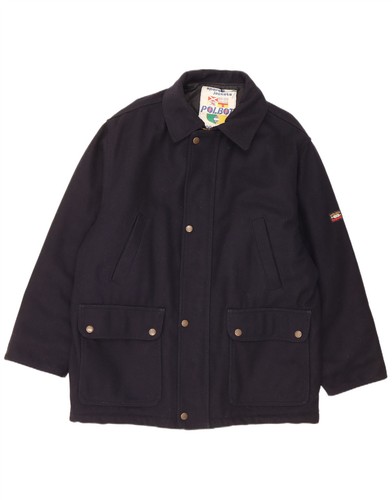 Polbot giacca uomo utility - giacca,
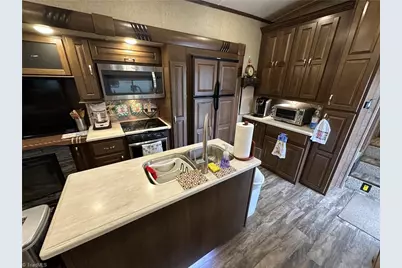 104 Cardinal Drive, New London, NC 28127 - Photo 9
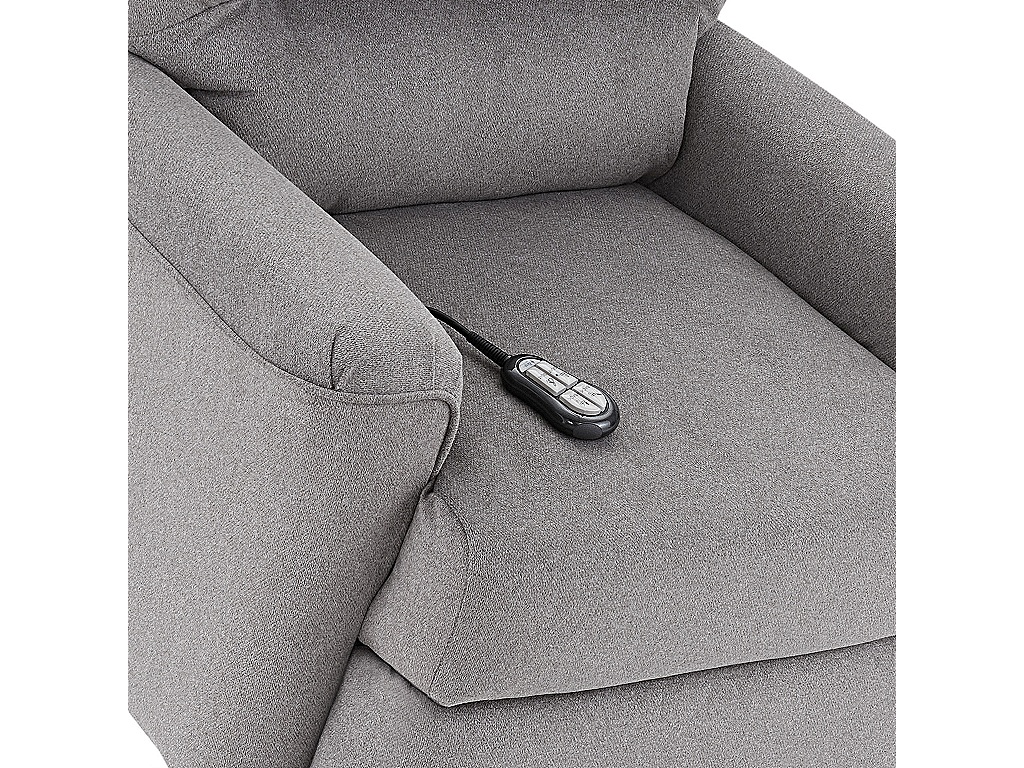 Chia Lift Recliner - image 5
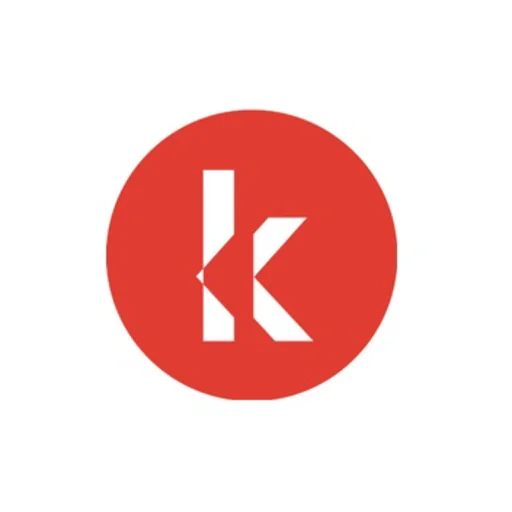 Klar Details - Professional Car Detailing @ Toh Guan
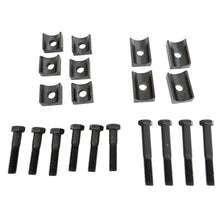 Load image into Gallery viewer, COMP Cams 1321H-1 Bolts and Dividers Kit for 1621 Chrysler B/RB 383-440 Shaft Mount Rocker Kit for Select Bristol 411, Chrysler 300, Chrysler Cordoba, Chrysler Imperial, Chrysler New Yorker, Chrysler Newport, Chrysler Saratoga, Chrysler Town &amp; Country,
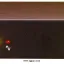 SDR-IQ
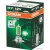 Галогенная лампа Osram H7 64210ALL 1шт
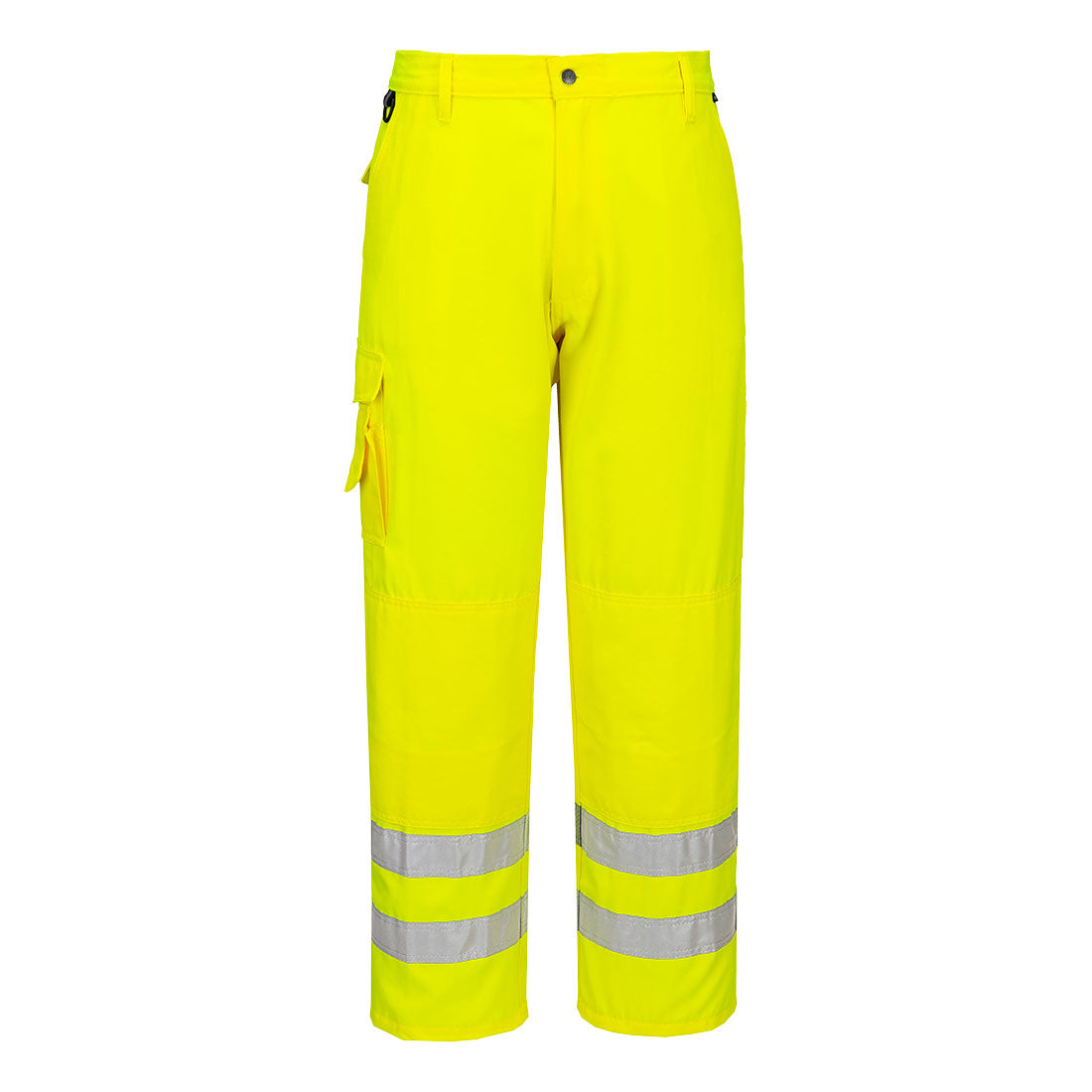 Hi-Vis Combat-housut
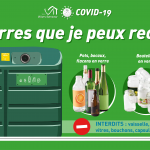 covid-verre_plan-de-travail-1 de villers-semeuse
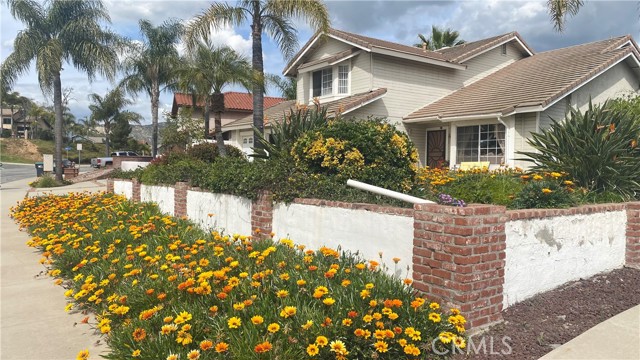 11726 Blue Lupin Lane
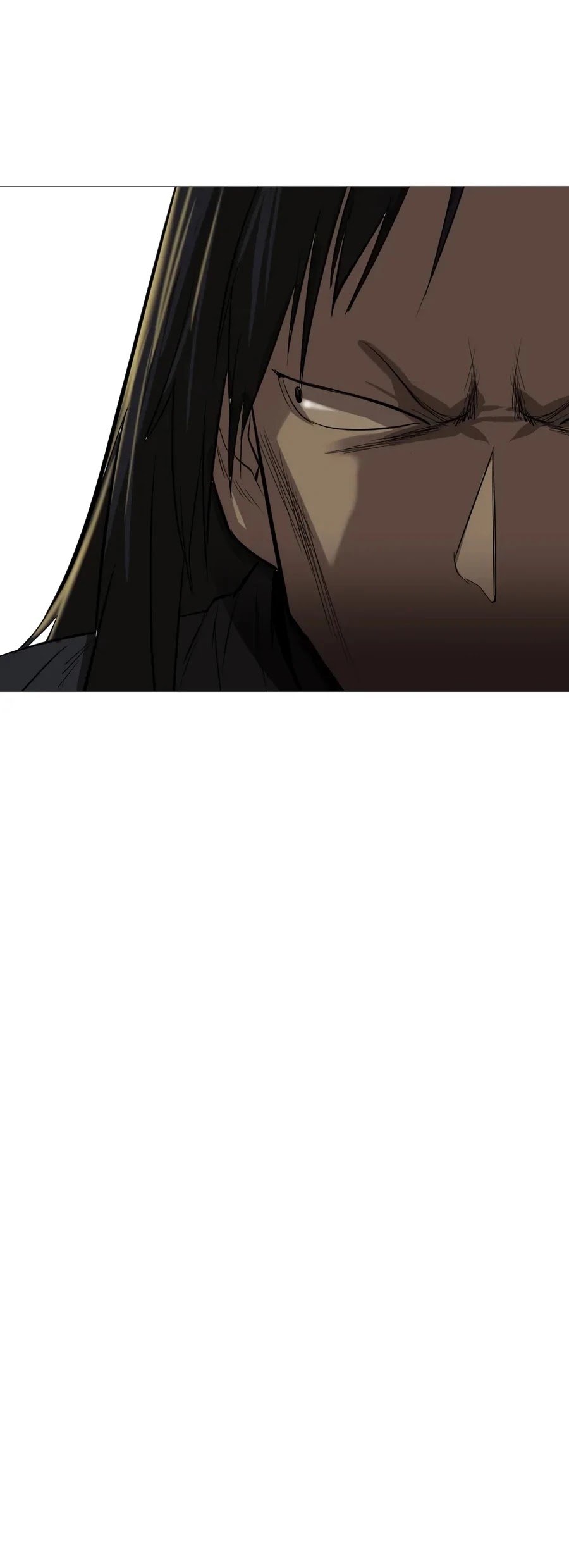 Weak Teacher Chapter 11 page 37 - Chapter 11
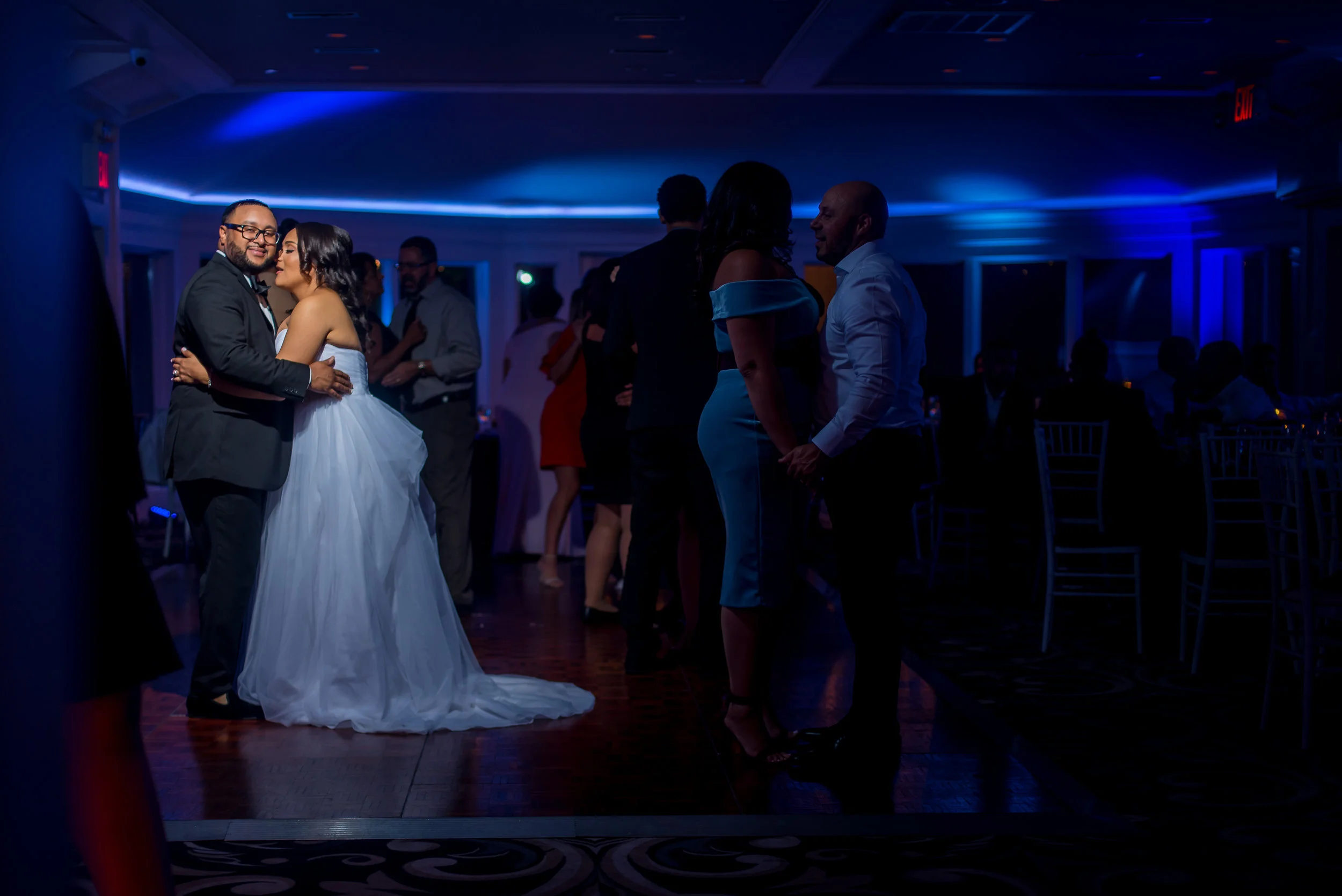 OselinaMarcusLANYCPhotography 00445.jpg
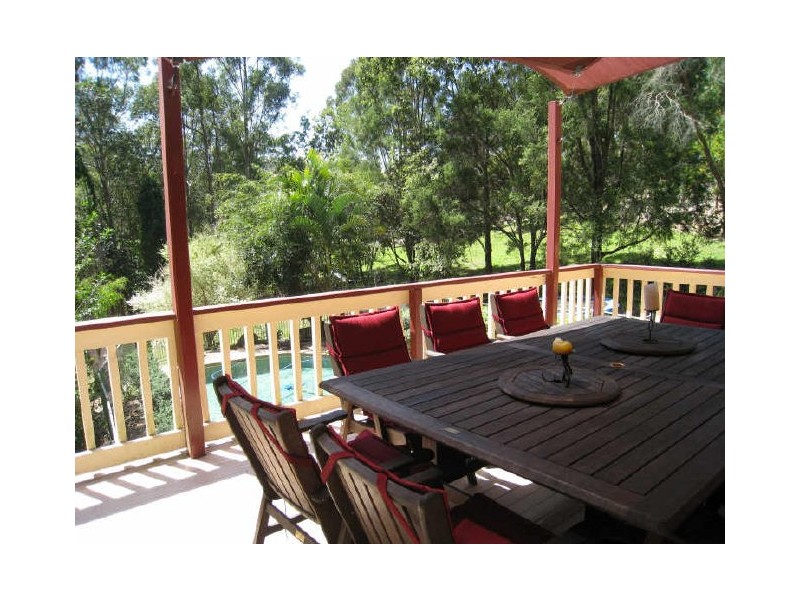 50 Castle Hill Drive South, Gaven QLD 4211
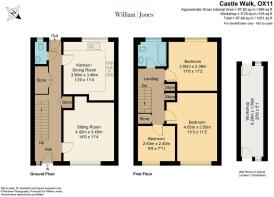 2 Castle Walk OX11-floorplan_EDIT.jpg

========

_INSTRUCTIONS TO FOLLOW_
What you return should match the material word for word, apart from the pictures.

_ANSWER TO THE PROBLEM_
 Polbot giacca uomo utility - giacca,
 104 Cardinal Drive, New London, NC 28127 - Photo 9
 Chia Lift Recliner - image 5
 Klar Details - Professional Car Detailing @ Toh Guan
 Load image into Gallery viewer, COMP Cams 1321H-1 Bolts and Dividers Kit for 1621 Chrysler B/RB 383-440 Shaft Mount Rocker Kit for Select Bristol 411, Chrysler 300, Chrysler Cordoba, Chrysler Imperial, Chrysler New Yorker, Chrysler Newport, Chrysler Saratoga, Chrysler Town &amp; Country,
 SDR-IQ
 Галогенная лампа Osram H7 64210ALL 1шт
 Hi-Vis Combat-housut
 covid-verre_plan-de-travail-1 de villers-semeuse
 11726 Blue Lupin Lane
 Weak Teacher Chapter 11 page 37 - Chapter 11
 OselinaMarcusLANYCPhotography 00445.jpg
 50 Castle Hill Drive South, Gaven QLD 4211
 2 Castle Walk OX11-floorplan_EDIT.jpg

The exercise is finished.